I have tried lots of things, but I don’t know what I’m doing wrong.
This is what I do: In Krita, I only let visible the layer with the drawing, then flat the image (same result if I don’t). That let me with one root layer with my drawing and a background of grey and white squares. (I think that’s transparency). Then I export as a Tiff or png (same result with both), with the alpha channel, flat image, and ICC profile boxes checked.
Then I insert the image in my word document, and export to pdf, in the way the printing company ask: 300ppi pdf/xps compatible with iso 9005-1 compliant (PDF/A). The problem could be word of course, because I’m using an old version (2013), on windows 7 . But I’m not sure.

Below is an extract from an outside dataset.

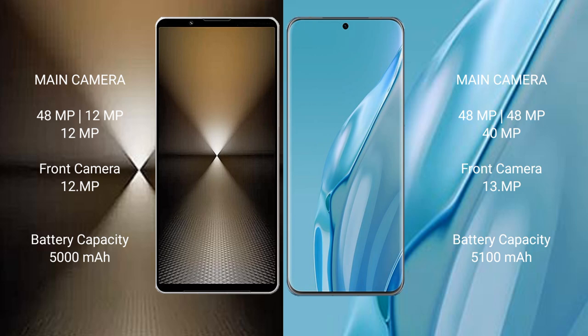Sony Xperia 1 Mark 6 has a 5000mAh battery with 30W fast charging support. Huawei P60R has a 5100mAh battery with 88W fast charging support.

If you wonder why transparency isn’t allowed in PDFs that’s because they are supposed to be like paper documents as much as possible and paper is just not transparent traditionally. One could ask why Word doesn’t make the transparent parts white but this is a Krita forum not MS Word.
Ah, but I can answer that :-). A fully transparent pixel in Krita in an RGBA document has 0, 0, 0, 0 for channels values. If you lop off the A(lpha) channel, you’re left with 0, 0, 0 – which is black. You can save PNG images without transparency with any color replacing the transparent pixels, though white probably is most useful.
That’s some lazy ass converting. In all these years I never thought about it that’s from just dropping the alpha channel completely. One would think that Word would be smarter and change the color to something that makes more sense for a print document though.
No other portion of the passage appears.